ICMP Type & Code Reference

Browse ICMP types and codes for ICMPv4 and ICMPv6 with descriptions.

Searchable ICMP message reference covering both ICMPv4 (RFC 792) and ICMPv6 (RFC 4443) type and code pairs, with diagnostic use cases for ping, traceroute, Path MTU Discovery and Neighbor Discovery. Bundled offline.

What ICMP type is a ping?

A ping uses ICMPv4 type 8 (Echo Request) and the reply is type 0 (Echo Reply). In IPv6 the equivalents are type 128 and type 129 respectively.
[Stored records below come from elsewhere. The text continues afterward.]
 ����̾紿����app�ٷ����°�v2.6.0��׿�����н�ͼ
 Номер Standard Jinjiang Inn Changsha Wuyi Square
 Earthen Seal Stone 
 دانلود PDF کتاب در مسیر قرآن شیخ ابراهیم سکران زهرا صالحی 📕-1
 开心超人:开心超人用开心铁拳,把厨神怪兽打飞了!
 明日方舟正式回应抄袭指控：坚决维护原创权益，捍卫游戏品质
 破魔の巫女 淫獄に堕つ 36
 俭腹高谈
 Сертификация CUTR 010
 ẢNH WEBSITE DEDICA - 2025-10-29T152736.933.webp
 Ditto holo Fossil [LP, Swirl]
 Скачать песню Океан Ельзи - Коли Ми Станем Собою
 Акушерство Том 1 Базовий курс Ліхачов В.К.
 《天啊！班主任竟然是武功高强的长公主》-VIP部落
ICMP — the Internet Control Message Protocol — carries the diagnostic and error messages that make IP usable: ping, traceroute, “destination unreachable”, “packet too big” and IPv6 Neighbor Discovery all ride on it. Each message is identified by a type and, within many types, a code. This reference lets you search both the ICMPv4 (RFC 792) and ICMPv6 (RFC 4443) registries and explains what each pair means in practice.

How it works

An ICMP message header begins with an 8-bit type and an 8-bit code. The type names the broad message class (Echo Request, Destination Unreachable, Time Exceeded) and the code refines it (e.g. unreachable because of network, host, port or fragmentation-needed). ICMPv4 and ICMPv6 use overlapping numbers for different meanings, so the version always matters — type 3 is Destination Unreachable in IPv4 but Time Exceeded in IPv6.

Use the search box for a number or keyword and the version selector to scope results to the stack you are debugging.

Tips and examples

A few high-value pairs to recognise:

v4 type 8  / 0   Echo Request  (ping out)
v4 type 0  / 0   Echo Reply    (ping back)
v4 type 3  / 4   Frag needed, DF set -> Path MTU Discovery
v4 type 11 / 0   TTL exceeded  -> each traceroute hop
v6 type 2  / 0   Packet Too Big -> IPv6 PMTU (never filter)
v6 type 135/136  Neighbor Solicitation / Advertisement (ARP for IPv6)

When a connection works for small packets but stalls on large transfers, suspect a blocked type 3 code 4 (v4) or type 2 (v6) — a classic Path MTU black hole. When IPv6 autoconfiguration fails, check that Router Solicitation/Advertisement (types 133/134) and Neighbor Discovery (135/136) are permitted on the link.